Monday, September 14, 2020

Incipits finissants (51)

Connaissez-vous la géolocalisation ? C'est cette invention technique qui permet, grâce à l'existence d'un satellite projeté dans le ciel, d’être retrouvé n'importe où, que ce soit à New-York ou sous une carotte de glace épaisse de deux kilomètres.
C'est super parce que du coup, ces jeux à la con de l'école, les cache-cache et cie, ne servent plus à rien. Pas besoin de vous planquer derrière un arbre, les ptits loups, Big Brother, Dieu, c'est à dire vos parents, vous repèreront illico.

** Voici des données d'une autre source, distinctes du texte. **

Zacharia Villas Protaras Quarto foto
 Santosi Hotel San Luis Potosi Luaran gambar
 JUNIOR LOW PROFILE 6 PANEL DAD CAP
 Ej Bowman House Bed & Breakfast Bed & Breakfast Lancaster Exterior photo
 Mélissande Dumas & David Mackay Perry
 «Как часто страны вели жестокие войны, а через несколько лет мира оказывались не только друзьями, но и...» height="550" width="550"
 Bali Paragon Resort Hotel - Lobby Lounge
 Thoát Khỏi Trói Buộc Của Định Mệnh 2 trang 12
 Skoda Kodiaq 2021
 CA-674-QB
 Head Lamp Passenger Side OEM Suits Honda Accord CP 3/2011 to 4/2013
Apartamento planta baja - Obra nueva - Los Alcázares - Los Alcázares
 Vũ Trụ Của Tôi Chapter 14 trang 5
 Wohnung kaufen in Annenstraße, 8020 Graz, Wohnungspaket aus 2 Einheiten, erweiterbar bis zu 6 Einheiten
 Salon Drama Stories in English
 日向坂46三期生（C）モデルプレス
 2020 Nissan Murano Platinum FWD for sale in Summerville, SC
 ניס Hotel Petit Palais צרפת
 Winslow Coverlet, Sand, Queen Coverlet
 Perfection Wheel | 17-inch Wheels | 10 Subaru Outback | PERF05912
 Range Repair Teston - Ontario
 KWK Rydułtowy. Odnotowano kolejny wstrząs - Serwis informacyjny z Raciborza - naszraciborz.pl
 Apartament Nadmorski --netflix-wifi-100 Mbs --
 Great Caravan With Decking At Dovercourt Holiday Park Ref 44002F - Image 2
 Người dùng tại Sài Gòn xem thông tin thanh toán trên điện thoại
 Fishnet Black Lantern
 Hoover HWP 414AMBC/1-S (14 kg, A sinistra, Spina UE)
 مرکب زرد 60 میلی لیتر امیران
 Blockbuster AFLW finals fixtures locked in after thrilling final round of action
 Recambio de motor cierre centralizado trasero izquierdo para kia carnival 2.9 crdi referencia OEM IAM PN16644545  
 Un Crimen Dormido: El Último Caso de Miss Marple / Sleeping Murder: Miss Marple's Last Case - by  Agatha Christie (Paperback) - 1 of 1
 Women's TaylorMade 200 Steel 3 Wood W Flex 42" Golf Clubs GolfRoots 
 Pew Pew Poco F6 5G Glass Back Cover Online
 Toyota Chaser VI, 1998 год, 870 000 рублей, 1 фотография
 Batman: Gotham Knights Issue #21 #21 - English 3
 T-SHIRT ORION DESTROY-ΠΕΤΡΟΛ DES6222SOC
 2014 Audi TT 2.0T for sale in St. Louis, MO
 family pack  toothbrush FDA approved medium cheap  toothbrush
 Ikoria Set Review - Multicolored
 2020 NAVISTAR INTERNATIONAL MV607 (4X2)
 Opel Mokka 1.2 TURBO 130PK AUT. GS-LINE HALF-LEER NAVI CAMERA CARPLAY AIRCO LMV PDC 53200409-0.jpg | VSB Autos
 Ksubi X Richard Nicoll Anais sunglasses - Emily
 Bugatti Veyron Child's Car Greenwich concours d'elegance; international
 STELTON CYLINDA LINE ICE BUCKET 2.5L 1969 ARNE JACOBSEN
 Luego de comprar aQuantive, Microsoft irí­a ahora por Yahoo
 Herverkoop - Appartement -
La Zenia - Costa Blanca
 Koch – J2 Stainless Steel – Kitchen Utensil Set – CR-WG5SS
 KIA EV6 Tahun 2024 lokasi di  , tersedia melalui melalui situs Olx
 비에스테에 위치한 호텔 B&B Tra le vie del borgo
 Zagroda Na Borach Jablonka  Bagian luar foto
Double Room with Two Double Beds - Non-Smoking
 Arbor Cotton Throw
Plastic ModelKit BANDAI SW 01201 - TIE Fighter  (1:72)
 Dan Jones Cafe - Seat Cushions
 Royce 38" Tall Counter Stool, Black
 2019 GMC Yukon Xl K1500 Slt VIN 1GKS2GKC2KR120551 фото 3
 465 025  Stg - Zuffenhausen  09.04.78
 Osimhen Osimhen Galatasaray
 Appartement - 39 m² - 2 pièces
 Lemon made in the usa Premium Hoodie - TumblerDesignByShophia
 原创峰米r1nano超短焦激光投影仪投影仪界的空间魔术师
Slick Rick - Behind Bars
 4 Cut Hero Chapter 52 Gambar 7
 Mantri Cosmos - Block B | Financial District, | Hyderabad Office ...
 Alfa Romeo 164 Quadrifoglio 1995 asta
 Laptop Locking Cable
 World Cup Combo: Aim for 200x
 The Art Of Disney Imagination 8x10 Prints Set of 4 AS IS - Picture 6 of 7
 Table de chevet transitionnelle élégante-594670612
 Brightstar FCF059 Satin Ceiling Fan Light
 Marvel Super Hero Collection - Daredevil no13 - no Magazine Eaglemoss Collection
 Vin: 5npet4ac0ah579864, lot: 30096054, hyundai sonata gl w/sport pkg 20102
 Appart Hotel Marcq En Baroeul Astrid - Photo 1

Il n'est d'ailleurs plus utile de partir en voyage. Vous n'avez que peu de chances de vous perdre, si vous êtes livrés avec un gsm, bien sûr. Et puis surtout, la géolocalisation peut vous sauver la vie, s’il vous arrive d’être coincés dans une fissure de feldspath ou kidnappés par de vilains communistes. Bon, des fois, vous pouvez être mort, mais ce n'est plus qu'un état transitoire, puisque votre corps sera rendu au gouvernement puis à votre famille, afin d’être incinéré.
Cependant, pour ma part, malgré toutes ces recommandations médiatiques et pratiques réalistes, la perspective d'être géolocalisé à tout instant, en toutes circonstances, y compris quand je pisse, ne m'enchante guère. Et dire, pourtant, que cela pourrait sauver mon intégrité physique ! …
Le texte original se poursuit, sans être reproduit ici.